People v. Johnson

697 N.Y.S.2d 407 | N.Y. App. Div. | 1999

—Judgment unanimously affirmed. Memorandum: Defendant appeals from a judgment convicting him after a jury trial of two counts of murder in the second degree (Penal Law § 125.25 [1], [3]), and one count each of attempted robbery in the first degree (Penal Law §§ 110.00, 160.15 [2]), criminal possession of a weapon in the second degree (Penal Law § 265.03) and criminal possession of a weapon in the third degree (Penal Law § 265.02 [4]). There is no merit to his contention that County Court imposed an unlawful sentence by directing that the term of incarceration imposed for criminal possession of a weapon in the third degree, which offense was committed on May 31, 1997, run consecutively to the terms of incarceration imposed for the remaining offenses, which were committed on May 25, 1997 (see, People v Almanzar, 209 AD2d 285, Iv denied 85 NY2d 905).

We further reject defendant’s contention that the court erred in refusing to inspect the Grand Jury minutes concerning a *859separate indictment for a robbery that was committed on May 31, 1997. Although the Grand Jury considered but did not indict defendant on a charge of criminal possession of a weapon in the second degree arising out of the May 31, 1997 incident and such crime could not be resubmitted to another Grand Jury without permission of the court, the crime of criminal possession of a weapon in the third degree is a separate and distinct crime (see, People v Saulters, 255 AD2d 896, lv denied 92 NY2d 1038). Thus, permission of the court was not required for Grand Jury consideration of that crime (see, People v Rodriguez, 261 AD2d 111).

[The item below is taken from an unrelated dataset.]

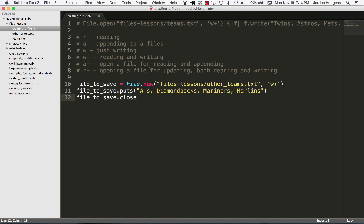You have either the ability to append using a block or using a step-by-step procedural process right here. So in the next video, we're going to get into how to read from a file.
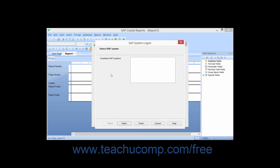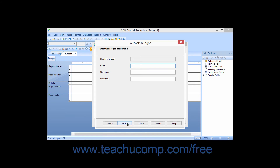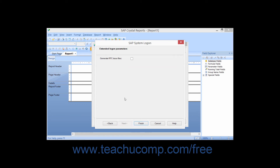In the SAP System Logon dialog box, you simply select the desired SAP system to which you wish to connect, and then click the Next button to continue. You can then enter the client, username, and password values into the fields provided, and then click the Next button to continue.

By failing to request that the court conduct an inquiry with respect to the impartiality of a sworn juror, defendant failed to preserve for our review his contention that the contact between that juror and a prosecution witness warranted discharge of the juror (see, GPL 470.05 [2]; People v Donk, 259 AD2d 1018). We decline to exercise our power to review that contention as a matter of discretion in the interest of justice (see, CPL 470.15 [6] [a]). (Appeal from Judgment of Onondaga County Court, Burke, J. — Murder, 2nd Degree.) Present — Lawton, J. P., Hayes, Wisner, Pigott, Jr., and Balio, JJ.